Jesus did not first appear to us in fanfare, with lots of words and noise. He, Emmanuel, was born in utter simplicity, at nighttime, when things were silent. This seems very intentional – that God would break through to us and our world in utter silence.
Maybe that was the best possible or even the only possible way to get our attention. So, could it be that we, in turn, need to be silent to take in and appreciate what this night is all about? Could it be that to encounter God, to absorb this profound mystery, we need silence?
Could it be that we need to let go of our busyness and just be, just be, here and now, open to this singular and sacred event, to God becoming incarnate? Could it be that we easily forget “Emmanuel, God is with is” when we do not make space for silence in our lives? Without that silence, might we even live as if God is not with us?
I believe that deep down, we all know that this is true – that we need some silence in our lives if we are really going to be in relationship with the person of that first silent night.
Instinctively, we realize that the encounter with Emmanuel calls us to silence in order to illumine the once hidden reality of intimacy with God…. From the beginning, Christ intended for us to meet him in silence, whereby stillness of mind and heart, body and spirit become encounter with Emmanuel.
~Father Michael Schleupner
I Am There
Now God says to us
What He has already said to the earth as a whole
Through His grace-filled birth:
I am there. I am with you.
I am your life. I am your time.
I am the gloom of your daily routine. Why will you not hear it?
I weep your tears – pour yours out to me.
I am your joy.
Do not be afraid to be happy; ever since I wept, joy is the standard of living
That is really more suitable than the anxiety and grief of those who have no hope.

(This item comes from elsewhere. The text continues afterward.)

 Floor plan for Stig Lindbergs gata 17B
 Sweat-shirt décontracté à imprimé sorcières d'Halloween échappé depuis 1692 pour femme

I am the blind alley of all your paths,
For when you no longer know how to go any farther,
Then you have reached me,
Though you are not aware of it.
I am in your anxiety, for I have shared it.
I am in the prison of your finiteness,
For my love has made me your prisoner.
I am in your death,
For today I began to die with you, because I was born,
And I have not let myself be spared any real part of this experience.
I am present in your needs;
I have suffered them and they are now transformed.
I am there.
I no longer go away from this world.
Even if you do not see me now, I am there.
My love is unconquerable.
I am there.
It is Christmas.
Light the Candles! They have more right to exist then all the darkness.
It is Christmas.
Christmas that lasts forever.
– Karl Rahner, S.J., “The Eternal Year”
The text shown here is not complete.